TASK DETAILS ->
For the records below, output word for word the lines from the one with "Here we see" up to and including the one with "If you want". No pictures.

SUPPLIED MATERIAL ->
+---+

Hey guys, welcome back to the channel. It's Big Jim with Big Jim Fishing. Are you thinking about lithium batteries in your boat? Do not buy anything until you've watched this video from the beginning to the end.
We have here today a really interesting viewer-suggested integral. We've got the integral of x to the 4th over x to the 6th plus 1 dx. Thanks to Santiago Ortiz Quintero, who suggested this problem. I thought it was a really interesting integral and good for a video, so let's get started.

+---+

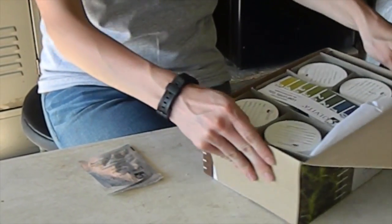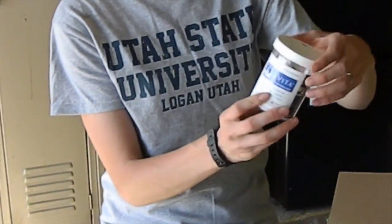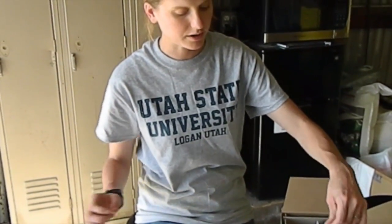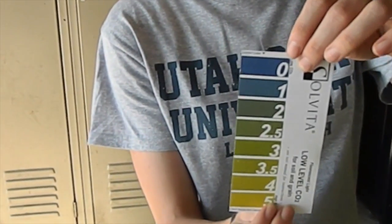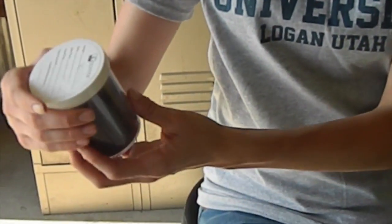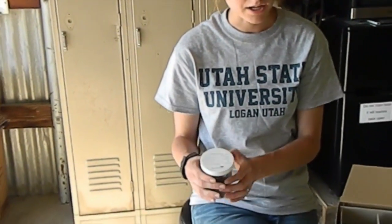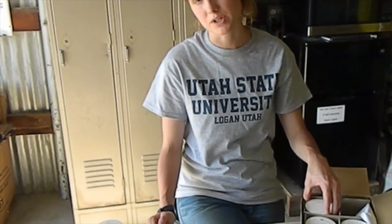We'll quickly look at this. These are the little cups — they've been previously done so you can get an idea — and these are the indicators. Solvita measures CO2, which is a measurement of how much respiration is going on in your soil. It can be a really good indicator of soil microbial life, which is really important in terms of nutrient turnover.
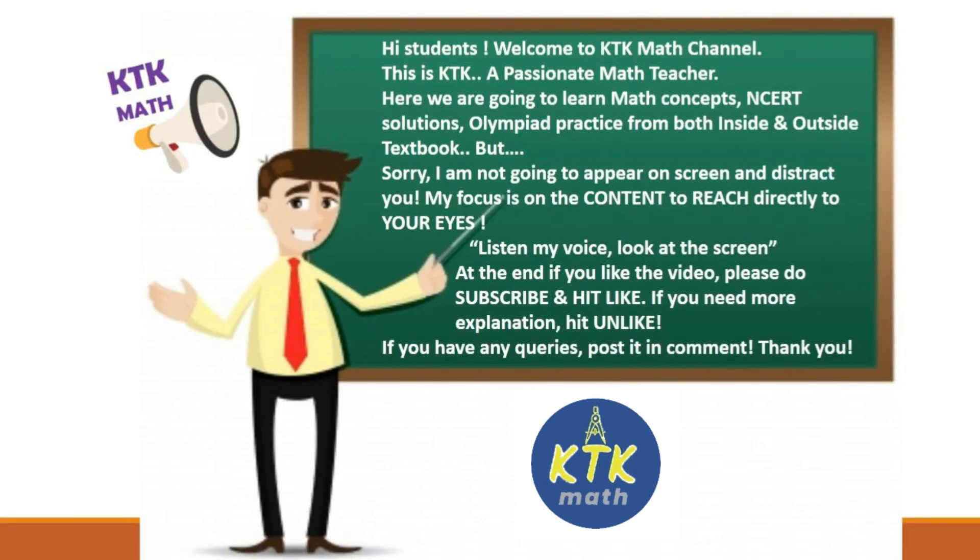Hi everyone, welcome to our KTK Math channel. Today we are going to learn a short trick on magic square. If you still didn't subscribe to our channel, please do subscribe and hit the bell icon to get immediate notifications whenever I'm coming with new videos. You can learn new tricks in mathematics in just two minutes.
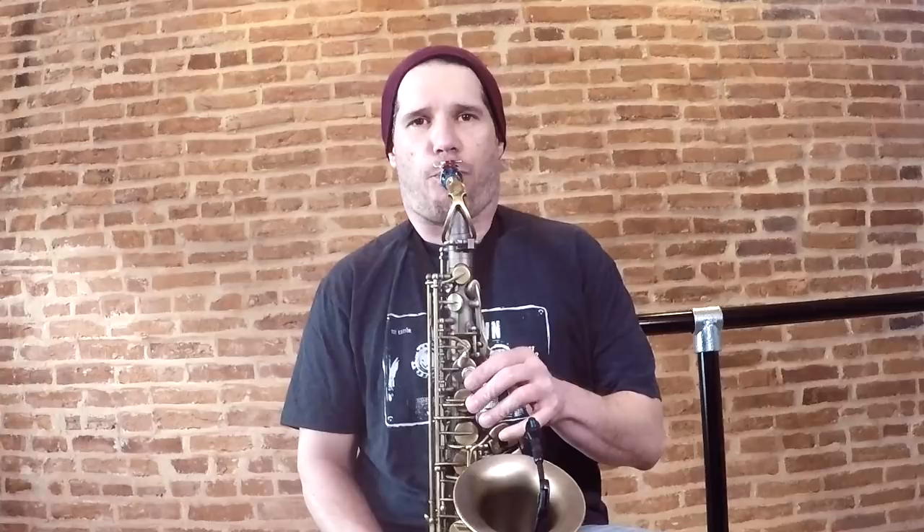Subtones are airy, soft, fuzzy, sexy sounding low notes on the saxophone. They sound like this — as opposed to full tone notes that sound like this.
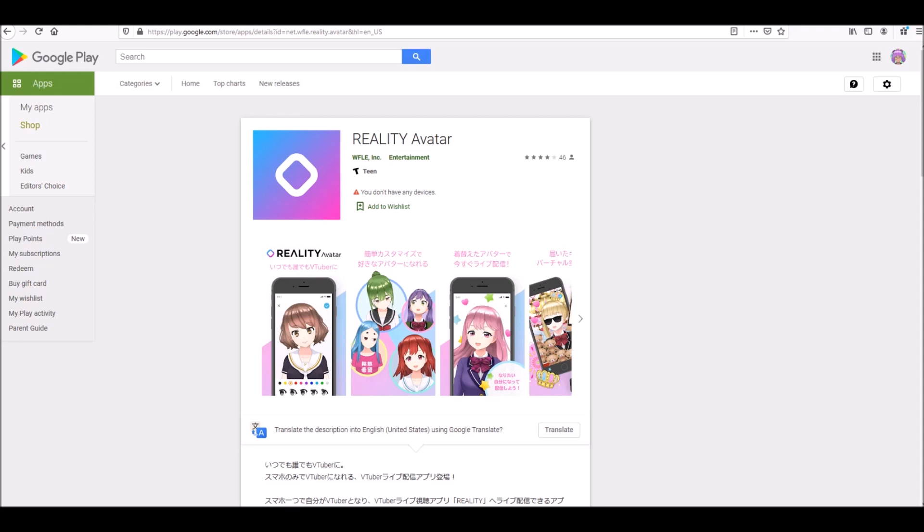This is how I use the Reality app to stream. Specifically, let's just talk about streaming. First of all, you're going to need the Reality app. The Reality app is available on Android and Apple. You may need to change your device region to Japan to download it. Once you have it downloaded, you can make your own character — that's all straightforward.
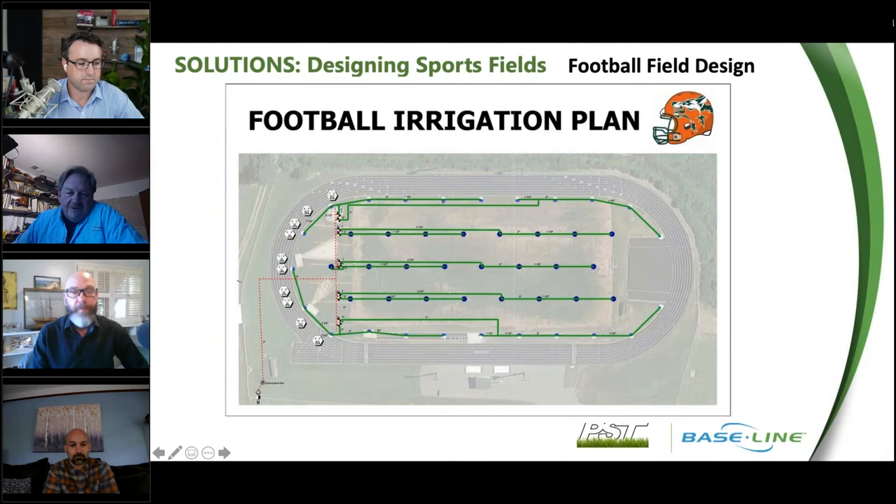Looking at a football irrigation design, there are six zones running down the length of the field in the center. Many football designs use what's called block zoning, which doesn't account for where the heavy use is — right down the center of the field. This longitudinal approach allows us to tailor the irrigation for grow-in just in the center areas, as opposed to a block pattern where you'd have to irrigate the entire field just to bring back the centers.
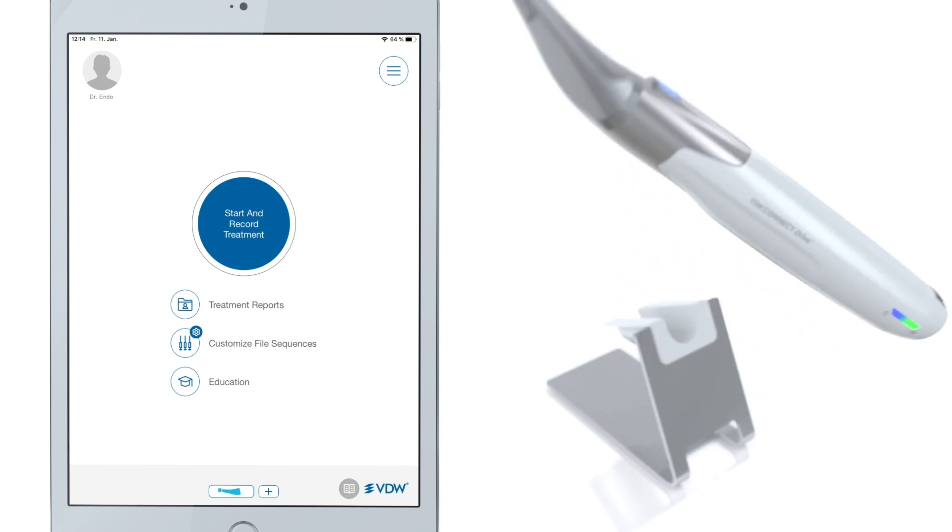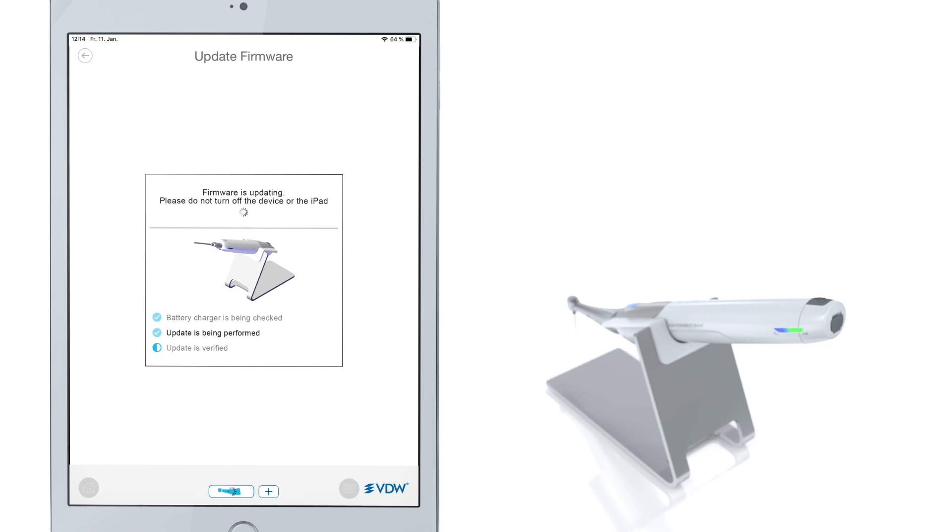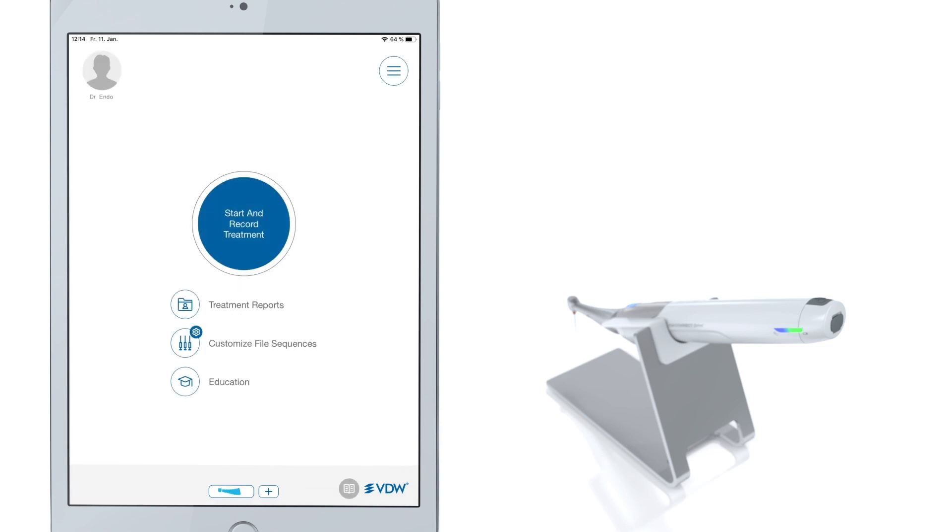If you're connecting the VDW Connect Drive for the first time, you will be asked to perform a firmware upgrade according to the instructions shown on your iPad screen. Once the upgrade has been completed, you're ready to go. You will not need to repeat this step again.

+---+

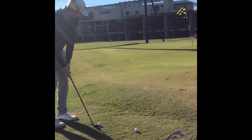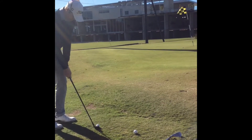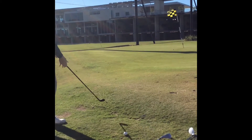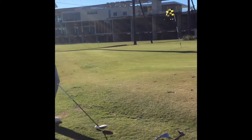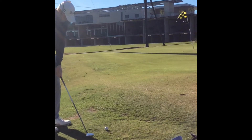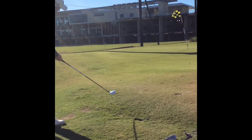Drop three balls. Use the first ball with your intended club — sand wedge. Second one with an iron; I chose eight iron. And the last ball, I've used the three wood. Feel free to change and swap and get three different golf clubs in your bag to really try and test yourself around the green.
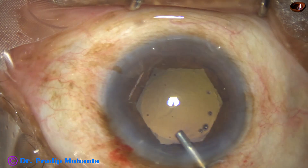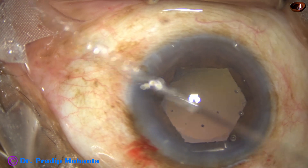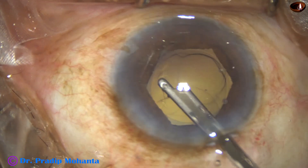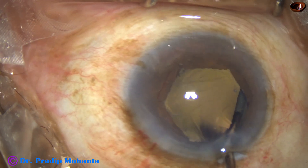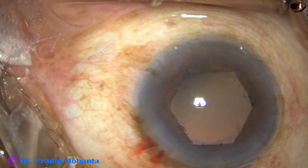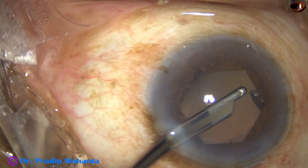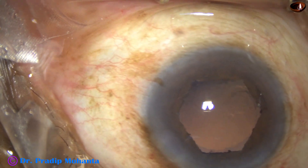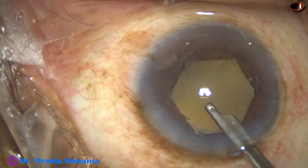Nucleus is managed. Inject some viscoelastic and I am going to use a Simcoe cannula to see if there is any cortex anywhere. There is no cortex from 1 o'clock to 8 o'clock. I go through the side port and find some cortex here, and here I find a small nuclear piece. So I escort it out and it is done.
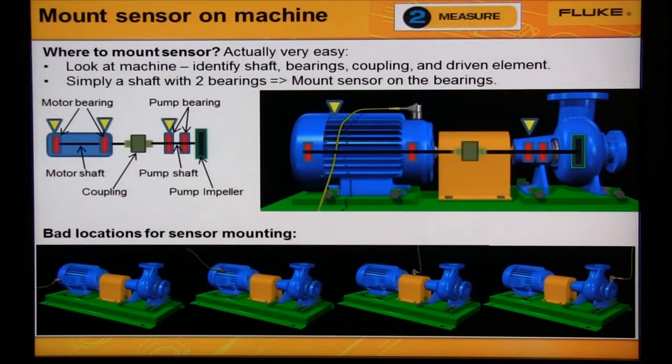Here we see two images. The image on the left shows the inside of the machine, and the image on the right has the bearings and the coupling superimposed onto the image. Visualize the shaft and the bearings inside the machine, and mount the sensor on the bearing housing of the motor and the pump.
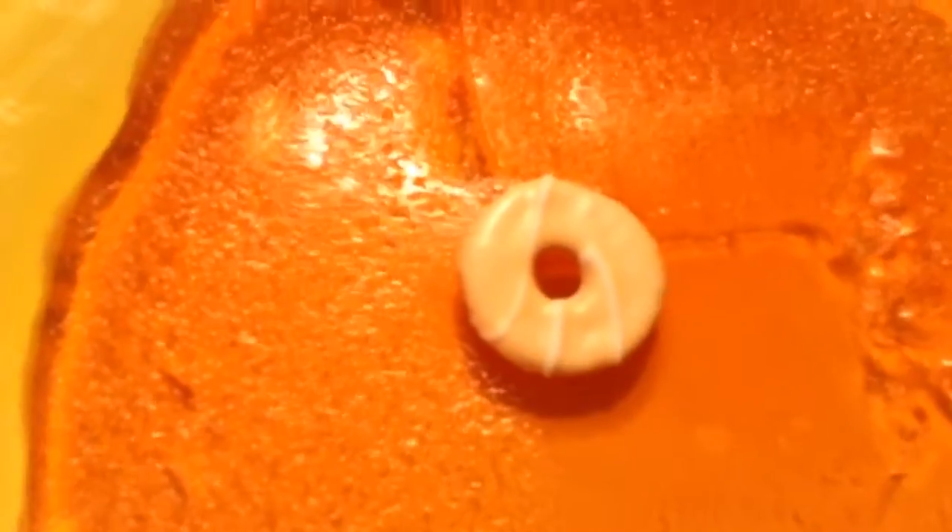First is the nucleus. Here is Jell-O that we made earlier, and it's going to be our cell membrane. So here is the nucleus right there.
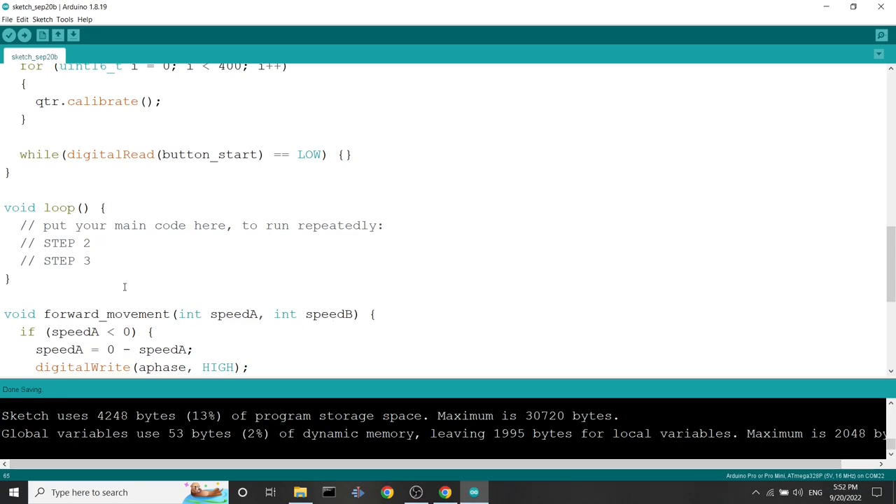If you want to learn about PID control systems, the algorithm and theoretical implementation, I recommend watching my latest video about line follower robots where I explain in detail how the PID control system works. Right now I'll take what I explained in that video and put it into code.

+---+

COMPLETED EXERCISE ->
Here we see two images. The image on the left shows the inside of the machine, and the image on the right has the bearings and the coupling superimposed onto the image. Visualize the shaft and the bearings inside the machine, and mount the sensor on the bearing housing of the motor and the pump.
First is the nucleus. Here is Jell-O that we made earlier, and it's going to be our cell membrane. So here is the nucleus right there.
If you want to learn about PID control systems, the algorithm and theoretical implementation, I recommend watching my latest video about line follower robots where I explain in detail how the PID control system works. Right now I'll take what I explained in that video and put it into code.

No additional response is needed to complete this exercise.